Once it is determined that standing exists, the typical course of events in Surrogate’s Court is that the “objectant” (objecting party) appear in Court (typically through counsel) on the return date for service of process (citation) wherein the proponent of the Will seeks to have the document admitted to probate and set for decree by the Surrogate. Once an interest party appears to contest probate, the matter is set down for SCPA 1404 examinations. These examinations are essentially depositions conducted by the attorney for the objecting party upon the attesting witnesses to the Will and the attorney-draftsperson the Will (assuming the Will was overseen by an attorney). Once the dates are set for 1404 examination, the attorney for the objecting party usually service discovery demands upon the attorney representing the estate seeking various documents relating to the Will signing, including asset information of the decedent, medical records, and any communication (written, electronic) between the decedent and other interested parties to the proceeding.

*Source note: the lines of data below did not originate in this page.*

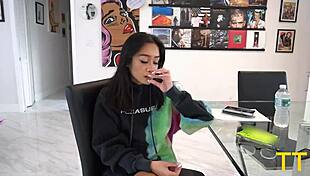 Did you see this petite Asian slut lose the race? Now she's sucking and fucking that big fat cock in public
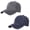 GREY+blue, variant on 2Pcs Men Women Baseball Cap-Low Profile Adjustable Washed Cotton Golf Dad Hat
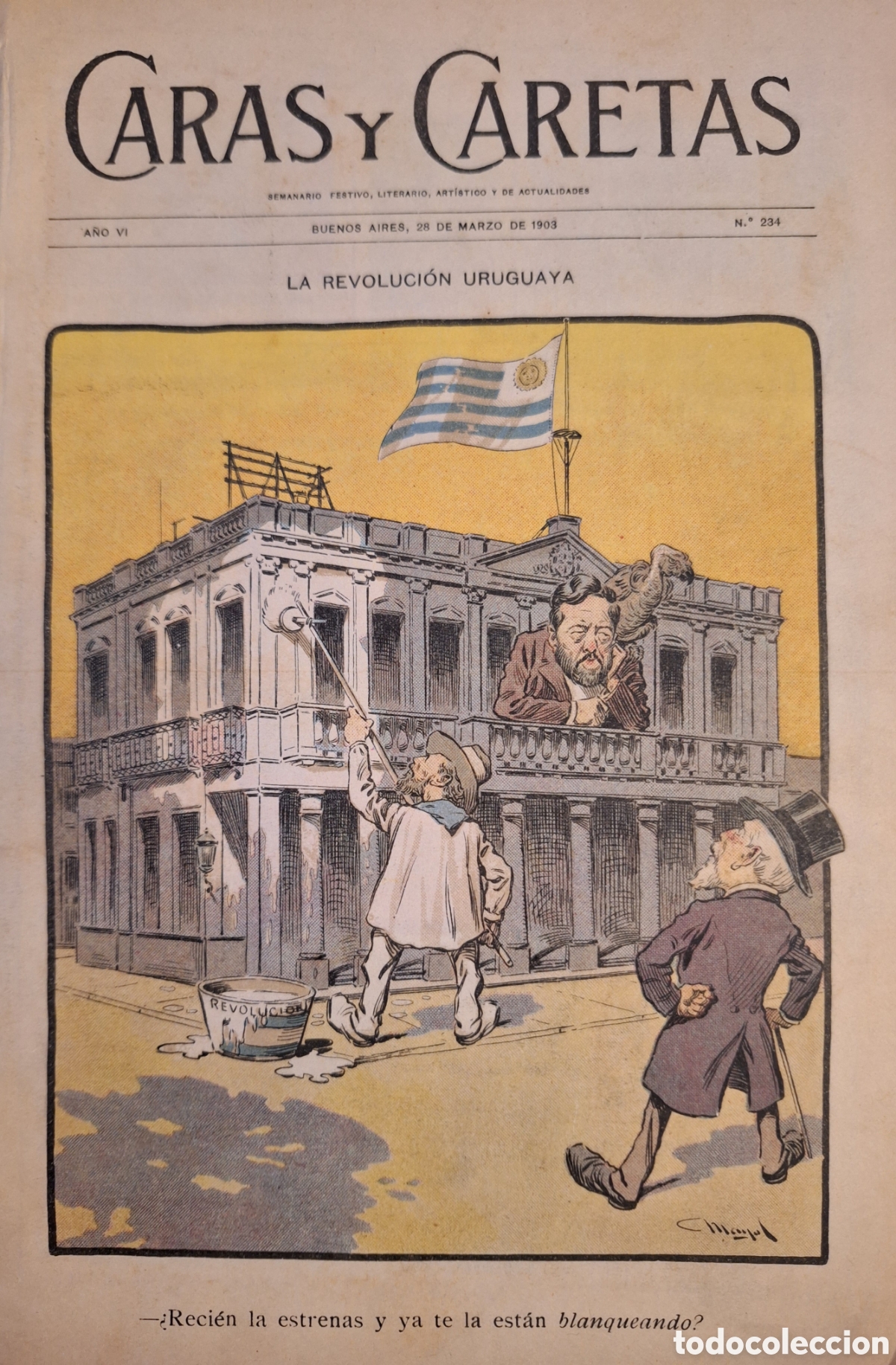 Coleccionismo: REVOLUCION SARAVIA 1903 COBERTURA REVISTA CARAS Y CARETAS EN CD DIGITAL FORMAT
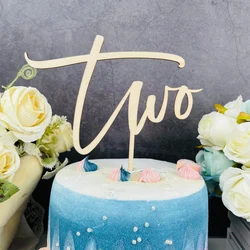 Two Cake Topper 2nd First Birthday Party Two Years Old Baby Shower Girl Boy Couples And Marriage Anniversary Decoration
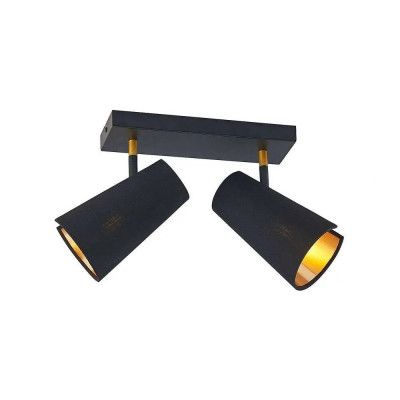 Lindby - Zylindro 2 Plafond Black/Gold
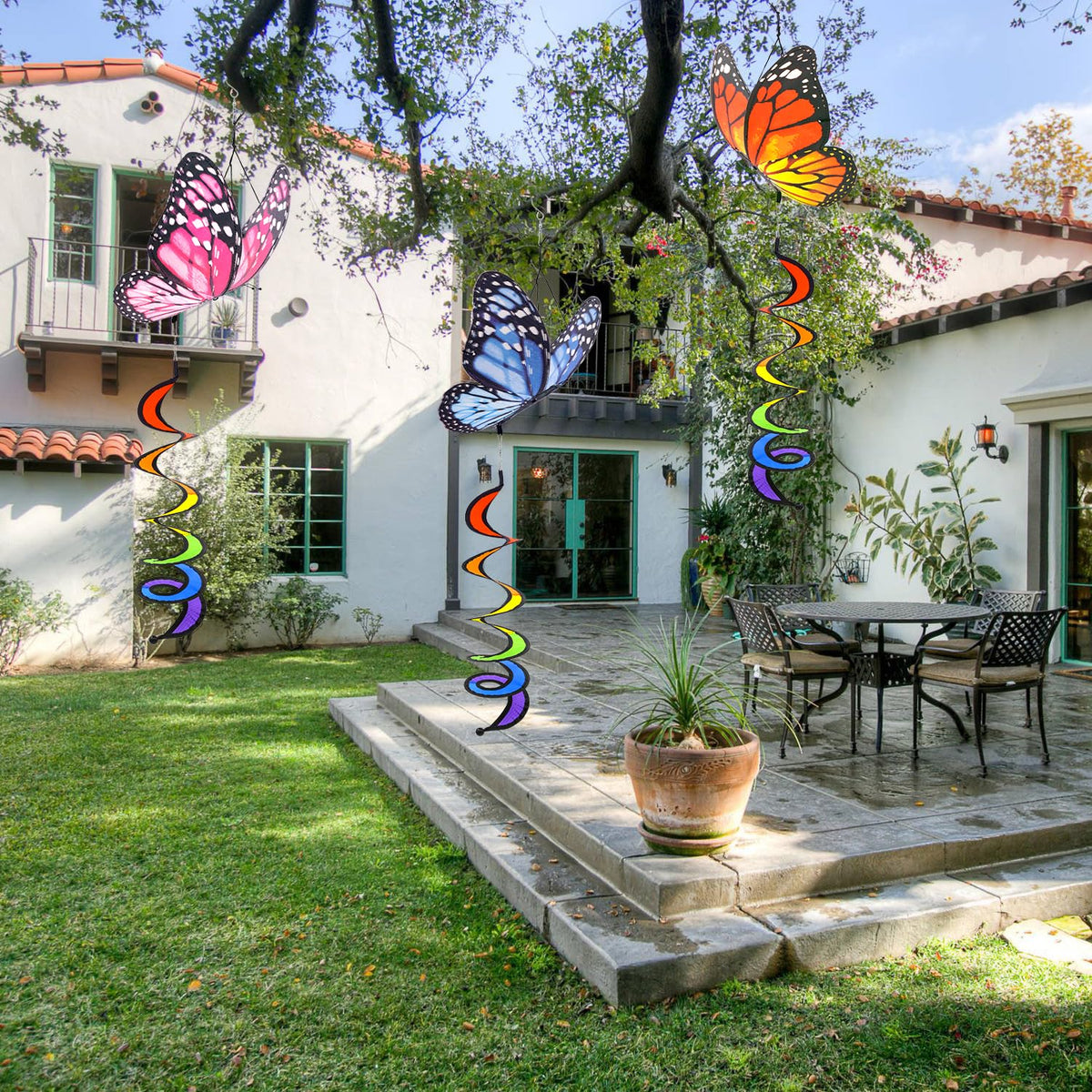 HADEEONG outdoor lawn display boosts curb appeal with playful flutter.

After the 1404 examinations are concluded, the objecting party has ten (10) days to file objections with the Court, at which point the estate litigation continues with further court intervention, discovery, and depositions.
The typical bases for objection to the Will are as follows:
1) the decedent/testator lacked testamentary capacity to sign the Will
2) someone exerted undue influence upon the decedent/testator
3) the will was not executed properly in conformance with the formalities set forth by statute in the EPTL.
4) The will was procured by a fraud perpetrated upon the testator/decedent
If you required the services of an experienced estate litigation attorney to contest the admission of a Last Will and Testament, please contact the Law Offices of Michael W. Alpert at (516) 280-7288 or email@example.com.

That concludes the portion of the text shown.